**Task instructions**
The answer must be a word-for-word copy of the records below, with every picture left out.

[Records to use]

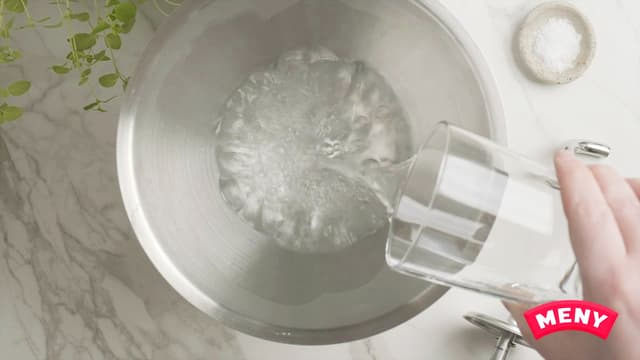 **Pizzadeig:** Hell vannet i bakebollen og tilsett saltet. Rør ut til saltet er helt løst opp.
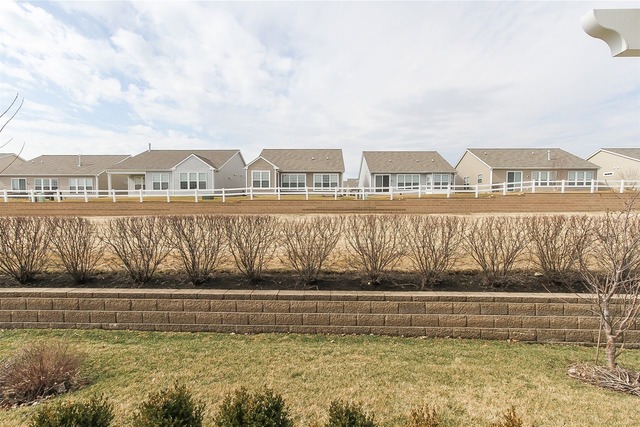 2870 Edgewater Dr, Elgin, IL 60124 photo 23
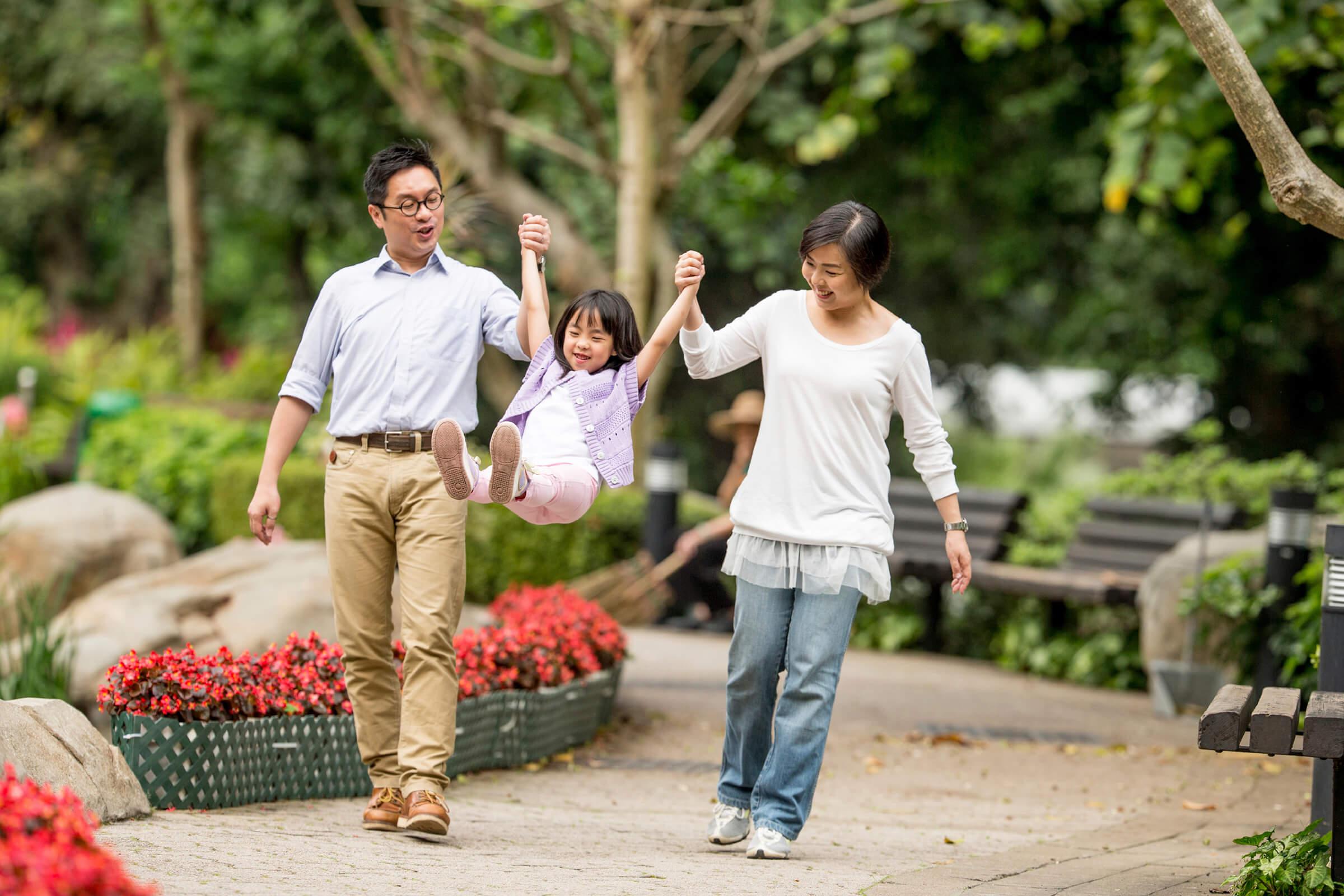 a group of people in a park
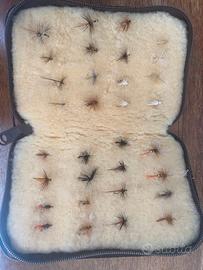 n.32 esche artificiali con porta esche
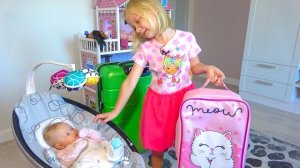 СОФУНЬЯ ШАЛУНЬЯ - СОФИЯ ВОВСЕМ ПОМОГАЕТ СЕСТРЕ.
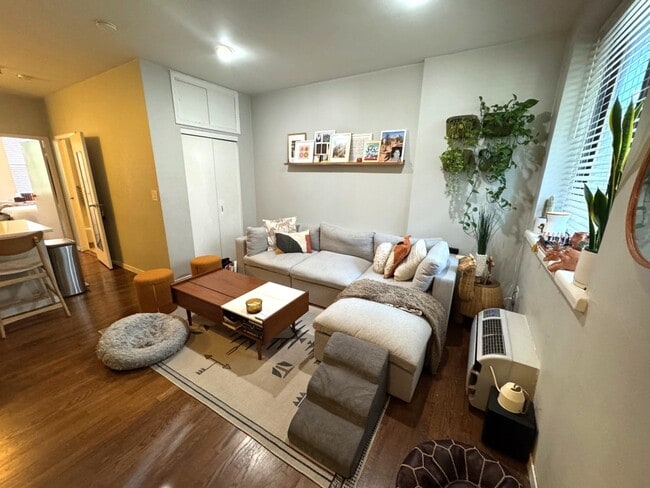 41 1st St in Hoboken, NJ - Building Photo - Building Photo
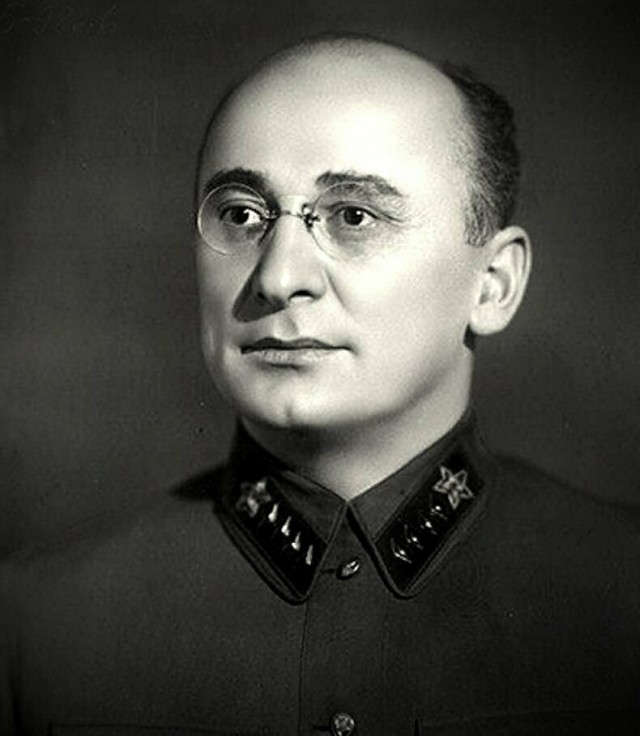 Советника главы "Роскосмоса" и журналиста Ивана Софронова задержали в Москве по подозрению в госизмене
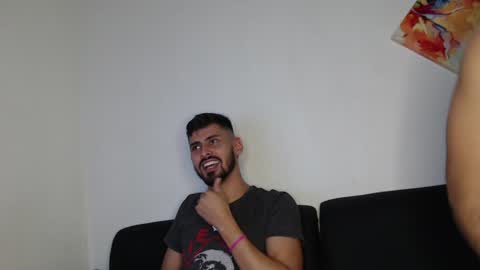 Snapshot of romanphoenix chatting on January 22, 12:59 am Roman online show from January 22, 12:59 am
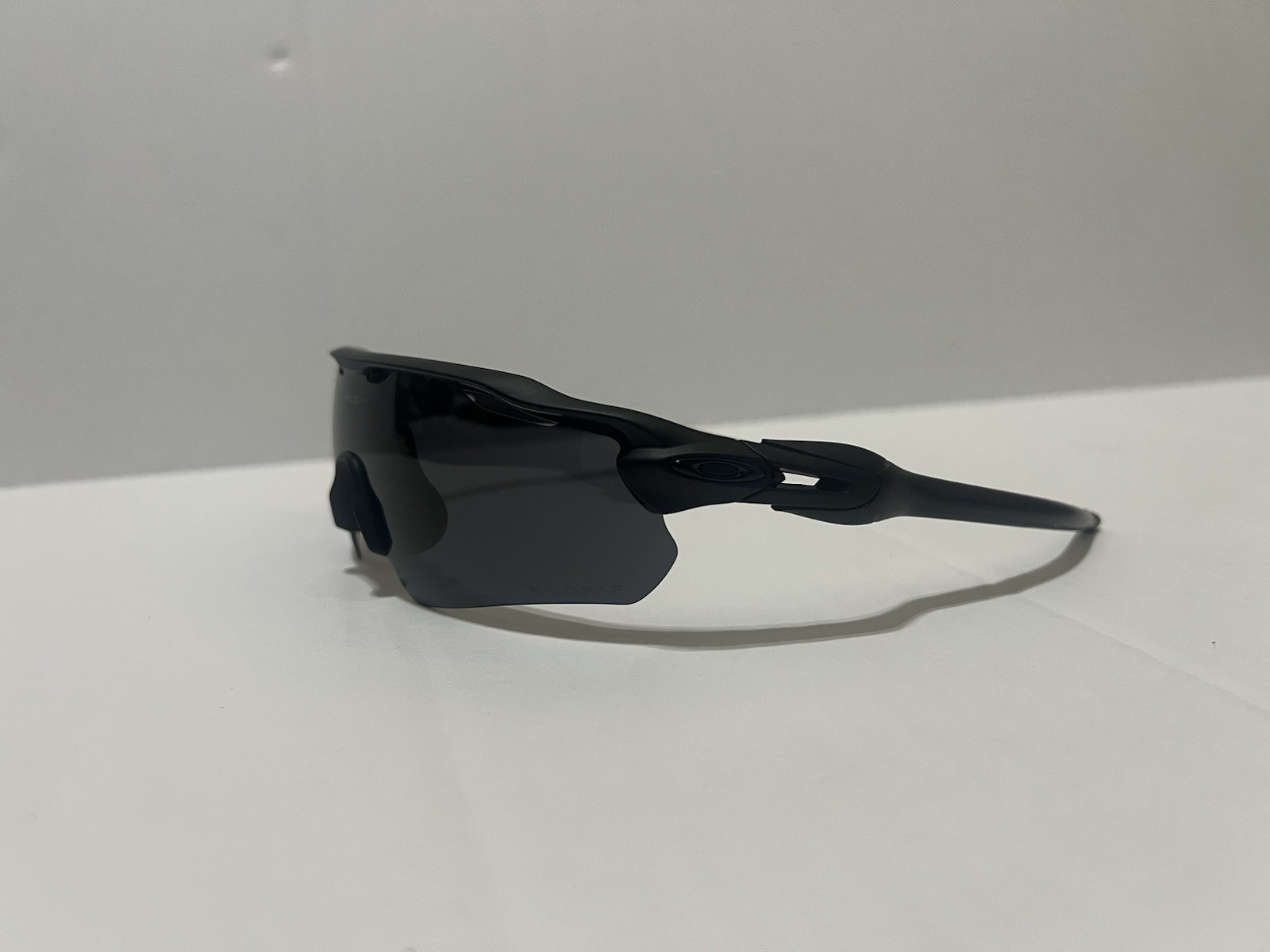 NEW Oakley 009208 Radar Ev Path Men’s Sunglasses Matte Black Frame – Prizm Lens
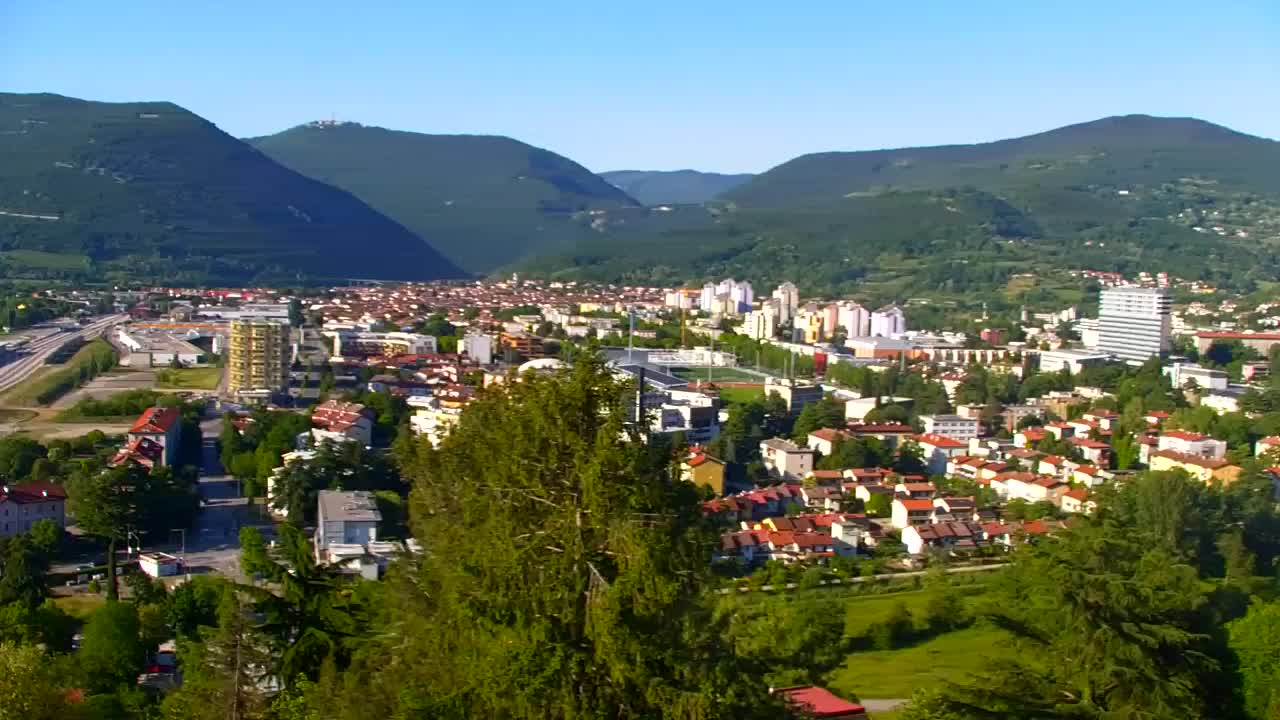 Nova Gorica i Gorica: Prekrasan Pogled iz Franjevačkog Samostana Kostanjevica
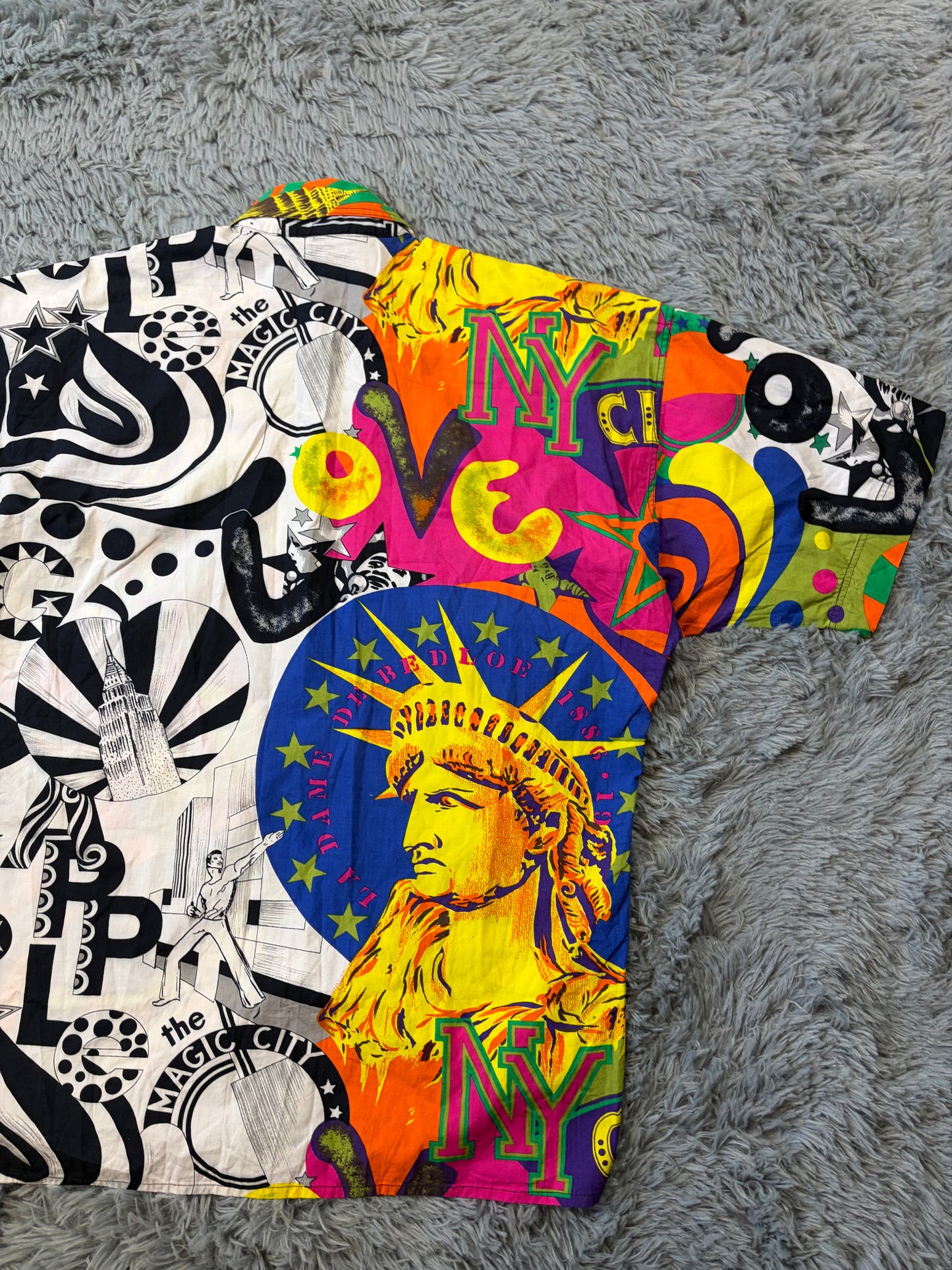 Versace VJC 90’s New York Day & Night Split Graphic Shirt - M/L | O/S, Black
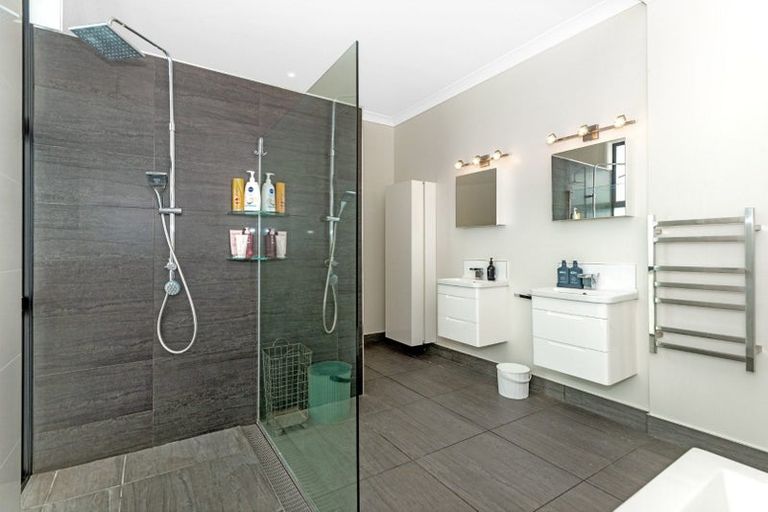 Photo of property in 70 Disraeli Street, Gisborne, 4010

[/Records to use]

**Solution below**
 **Pizzadeig:** Hell vannet i bakebollen og tilsett saltet. Rør ut til saltet er helt løst opp.
 2870 Edgewater Dr, Elgin, IL 60124 photo 23
 a group of people in a park
 n.32 esche artificiali con porta esche
 СОФУНЬЯ ШАЛУНЬЯ - СОФИЯ ВОВСЕМ ПОМОГАЕТ СЕСТРЕ.
 41 1st St in Hoboken, NJ - Building Photo - Building Photo
 Советника главы "Роскосмоса" и журналиста Ивана Софронова задержали в Москве по подозрению в госизмене
 Snapshot of romanphoenix chatting on January 22, 12:59 am Roman online show from January 22, 12:59 am
 NEW Oakley 009208 Radar Ev Path Men’s Sunglasses Matte Black Frame – Prizm Lens
 Nova Gorica i Gorica: Prekrasan Pogled iz Franjevačkog Samostana Kostanjevica
 Versace VJC 90’s New York Day & Night Split Graphic Shirt - M/L | O/S, Black
 Photo of property in 70 Disraeli Street, Gisborne, 4010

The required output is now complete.